(Scraped caption text data)
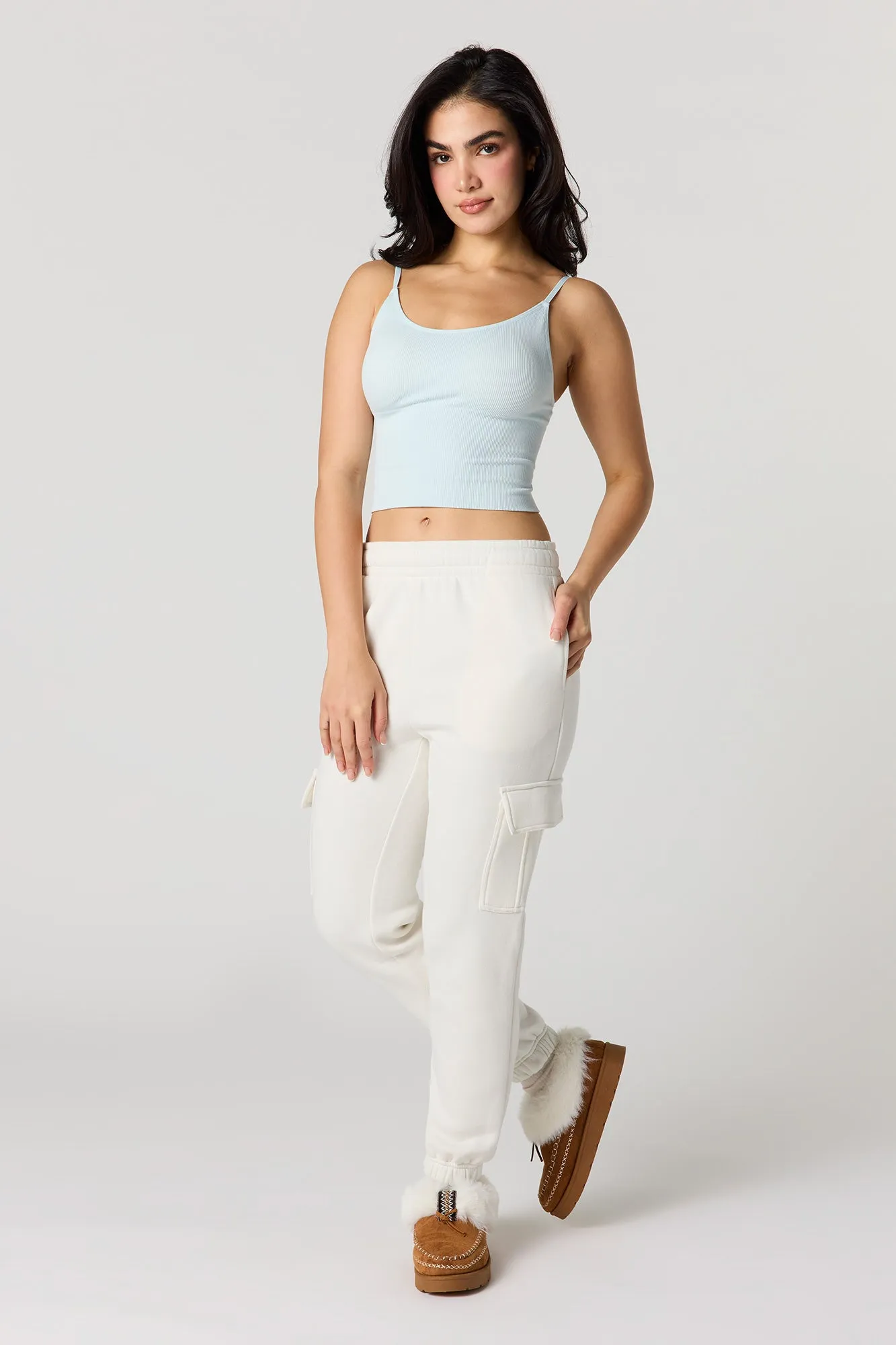 Solid Fleece Cargo Jogger sold by Urban Planet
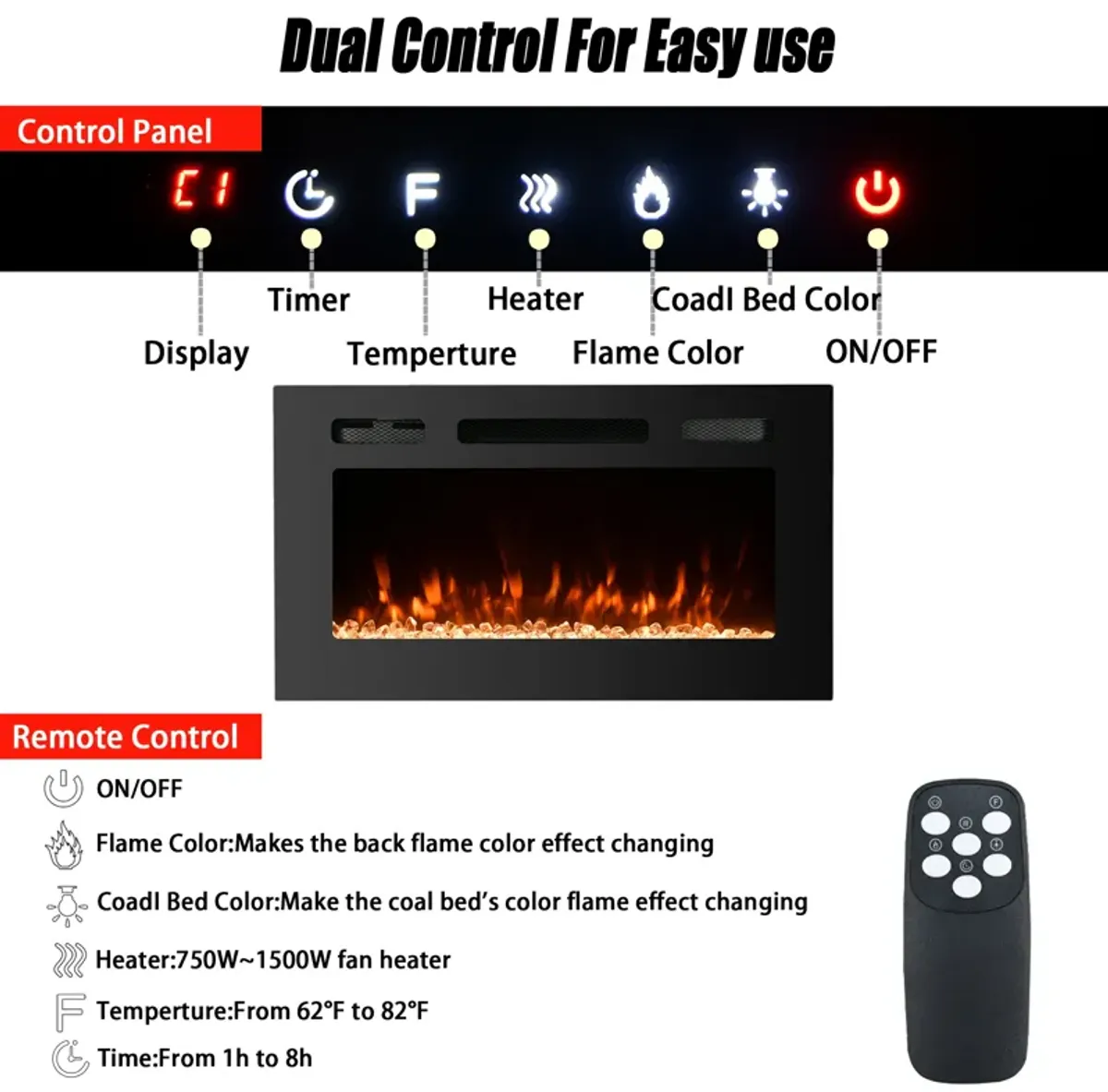 MONDAWE 30" Recessed Wall-Mounted Electric Fireplace 5000 BTU Heater with Remote Control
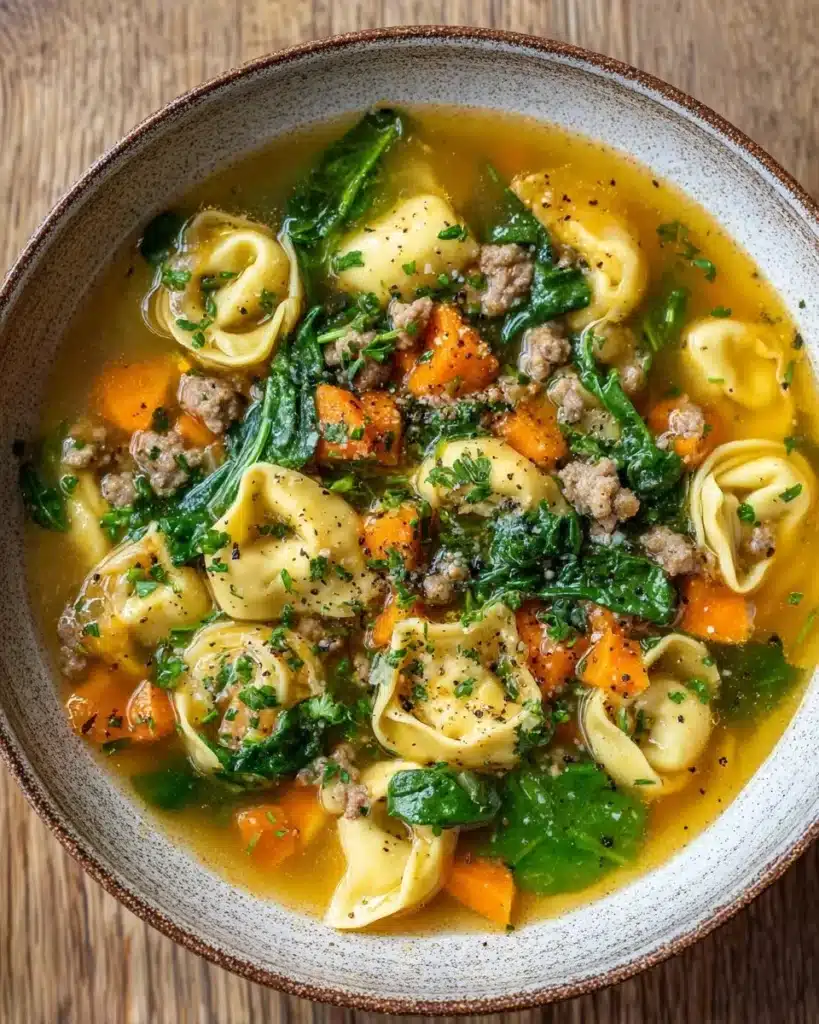 A bowl of Autumn Tortellini Soup with Sausage garnished with herbs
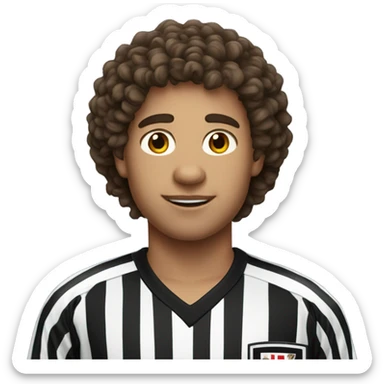 24 year old guy curly brown hair wearing g a hockey referee jersey  sticker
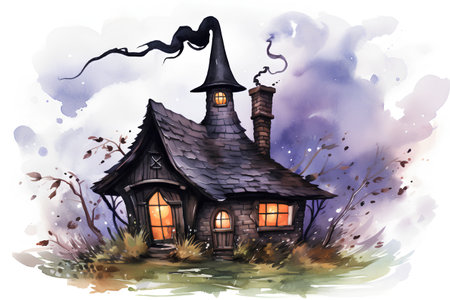 Watercolor illustration of a witch's house in the forest. Halloween illustrationの素材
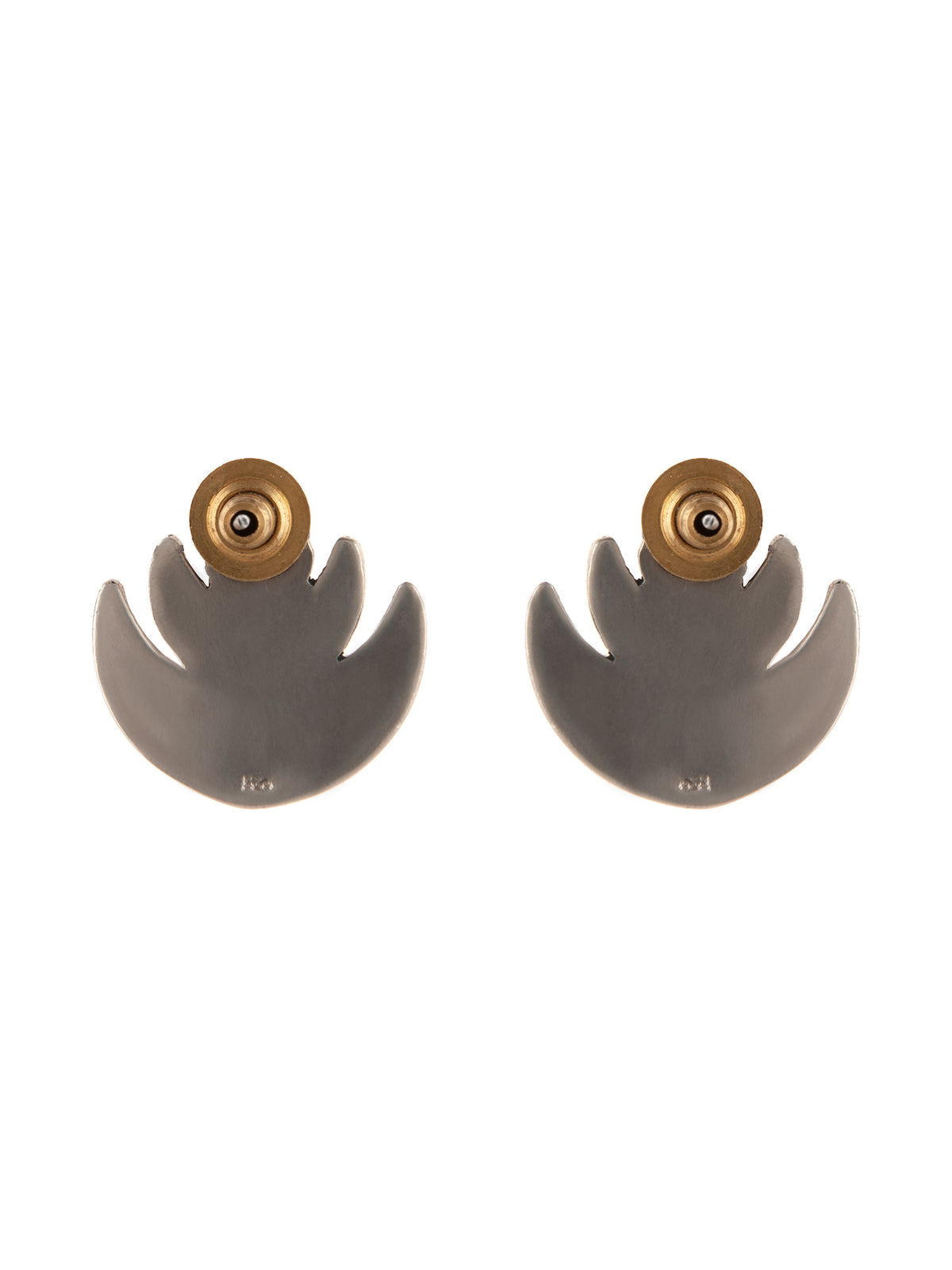 925 Sterling Silver Double Chaand Earrings with Kundan view 5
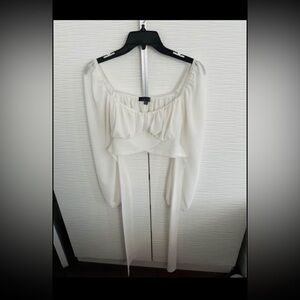 Elegant Off-White Color Full Sleeve Blouse with Wrap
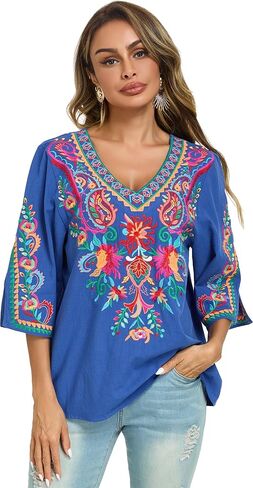 YZXDORWJ Women's Summer Embroidered Mexican Shirts Short Sleeve Casual Tops Blouse in Kuwait
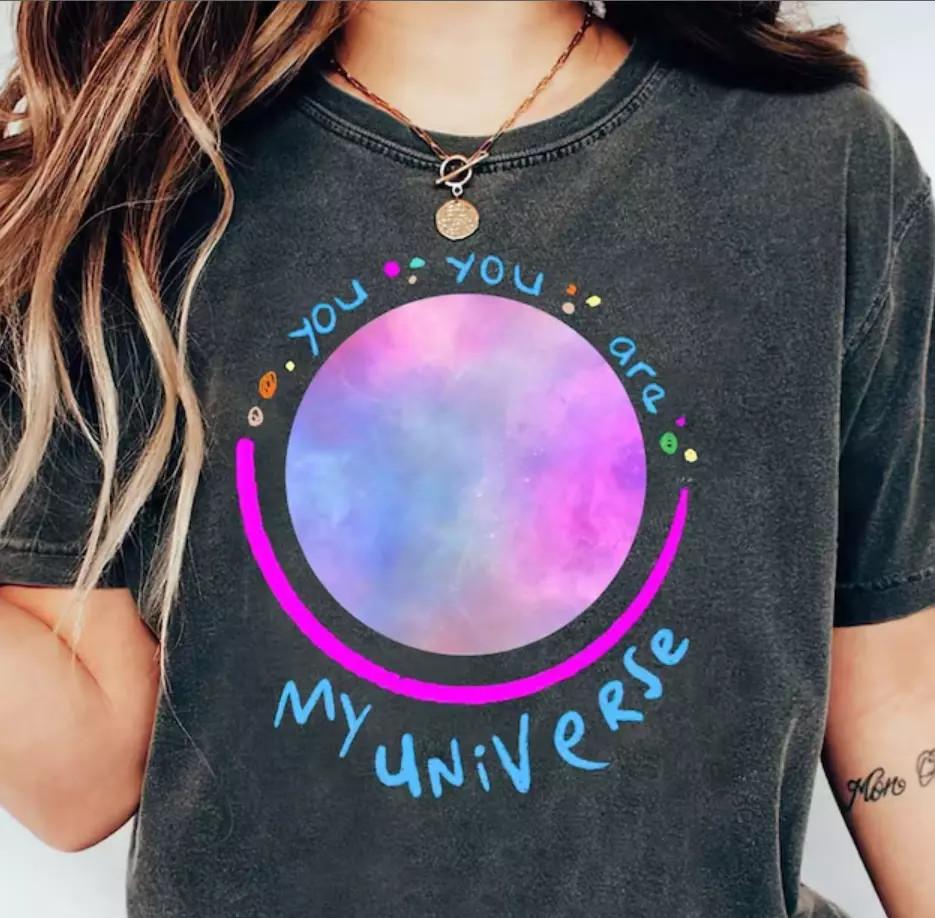 

Coldplay Band You Are My Universe Charcoal T Shirt Full Size S5XL Unisex T-Shirt L
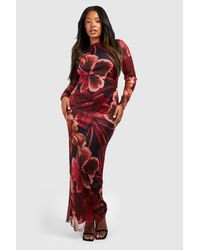 Boohoo - Plus Floral Mesh Low Back Maxi Dress - Lyst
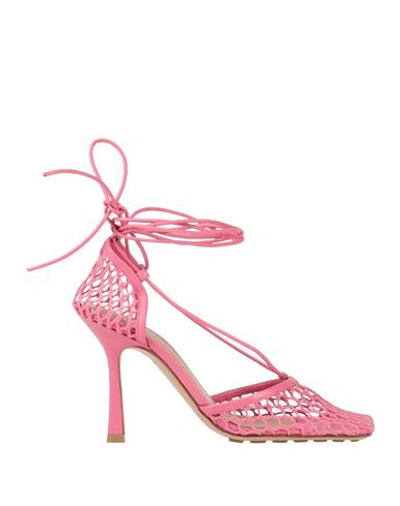 Bottega Veneta Woman Pumps Magenta Size 6 Soft Leather, Textile Fibers In Magenta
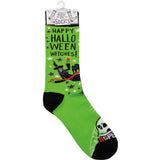HAPPY HALLOWEEN WITCHES Adult Unisex Socks PRIMITIVES BY KATHY Brand - Novelty Socks And Slippers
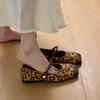Suede Leopard Print Flat Bottom Wear Mary Jane Shoes Autumn New Temperament French Beanie Shoes Light Mouth Single Shoes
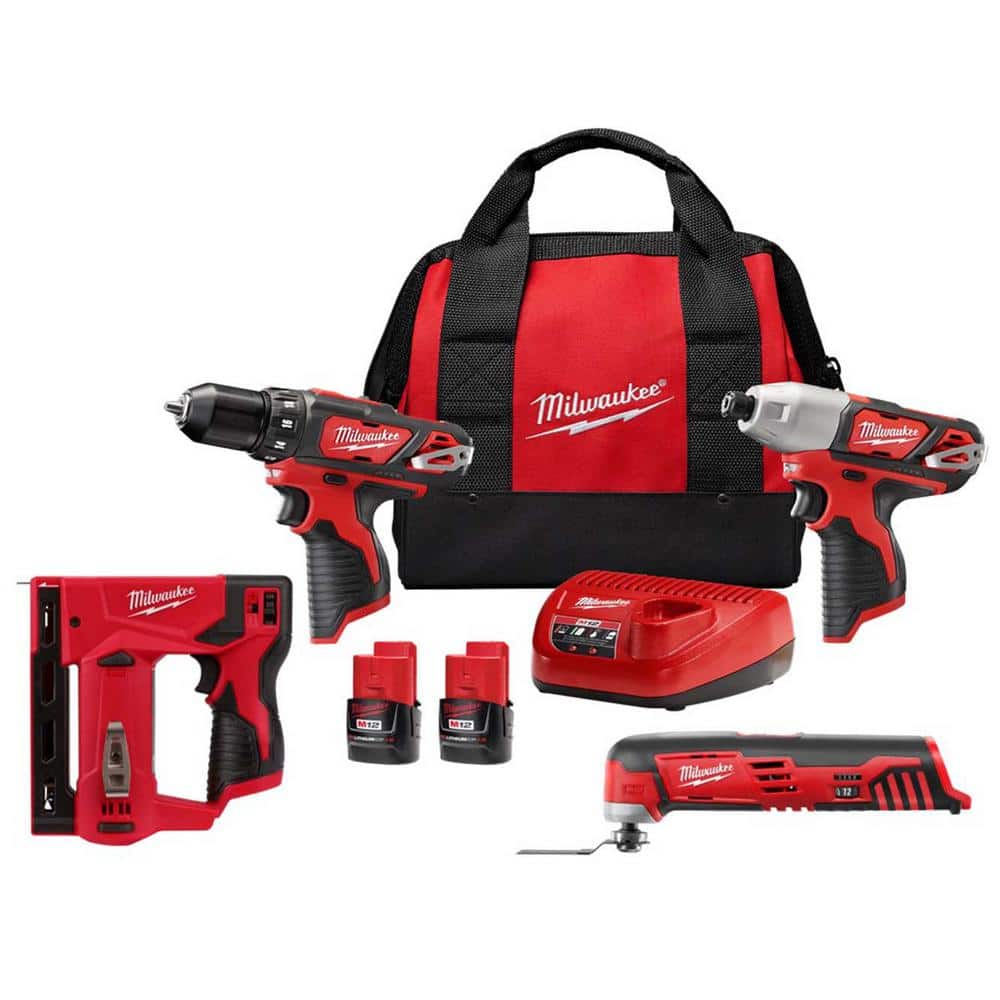 Milwaukee M12 12V Lithium-Ion Cordless 2-Tool Combo Kit w/M12 12-Volt Oscillating Multi-Tool and M12 12-Volt 3/8 in. Crown Stapler -  2494-22-24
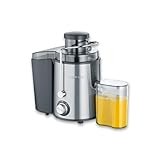 SEVERIN Centrifuga Frutta e Verdura, 400W, 19.000 giri/min, 2 Velocità, Contenitore Succo 0,5L, Contenitore Polpa 1,5L, Antigoccia, BPA Free, 35,0 x 20,0 x 28,0 cm, Nero/Acciaio Inox - ES 3566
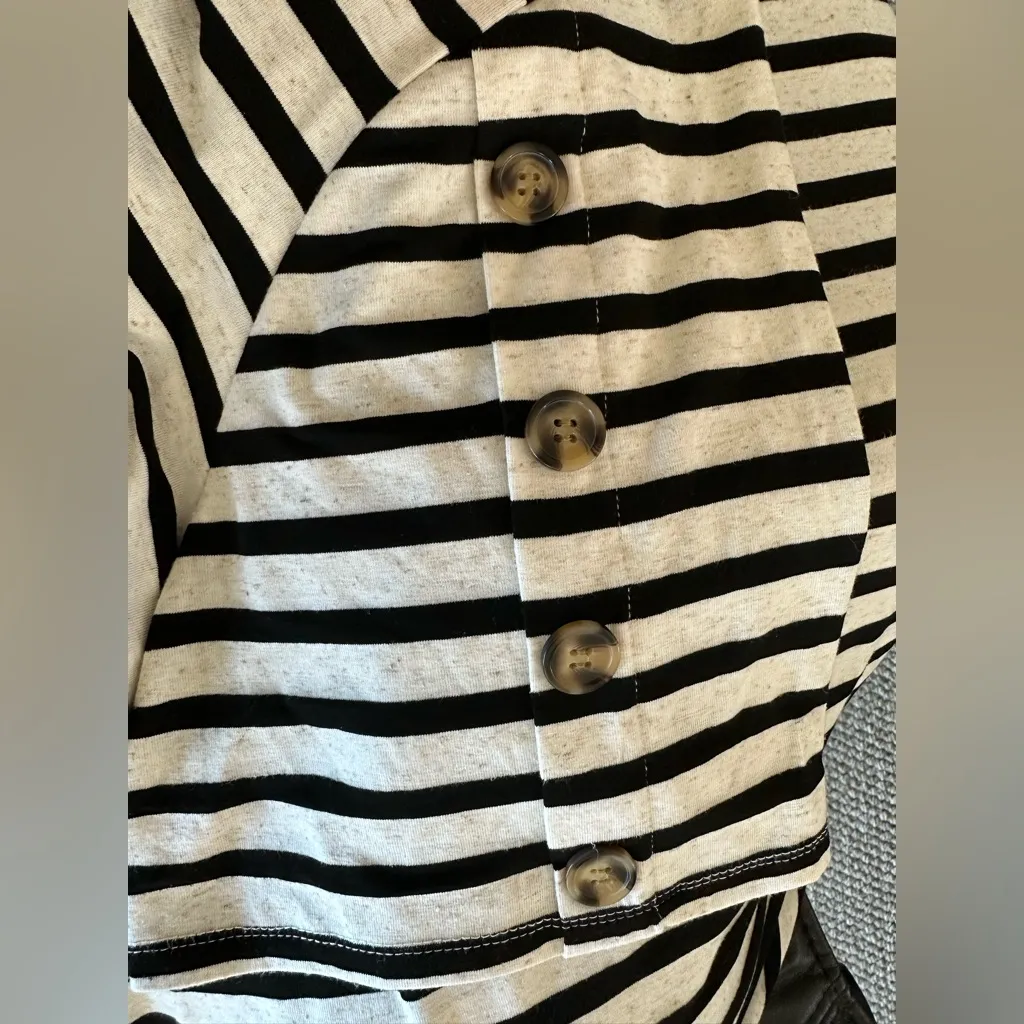 Like New - 89th + Madison Striped Top - Black. - Image 3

**ACTIVITY:** Excluding all pictures, print exactly and only the lines from the line with "Milwaukee M12 12V" through the end of the records above, both ends included.

**YOUR SOLUTION:**
 Milwaukee M12 12V Lithium-Ion Cordless 2-Tool Combo Kit w/M12 12-Volt Oscillating Multi-Tool and M12 12-Volt 3/8 in. Crown Stapler -  2494-22-24
 SEVERIN Centrifuga Frutta e Verdura, 400W, 19.000 giri/min, 2 Velocità, Contenitore Succo 0,5L, Contenitore Polpa 1,5L, Antigoccia, BPA Free, 35,0 x 20,0 x 28,0 cm, Nero/Acciaio Inox - ES 3566
 Like New - 89th + Madison Striped Top - Black. - Image 3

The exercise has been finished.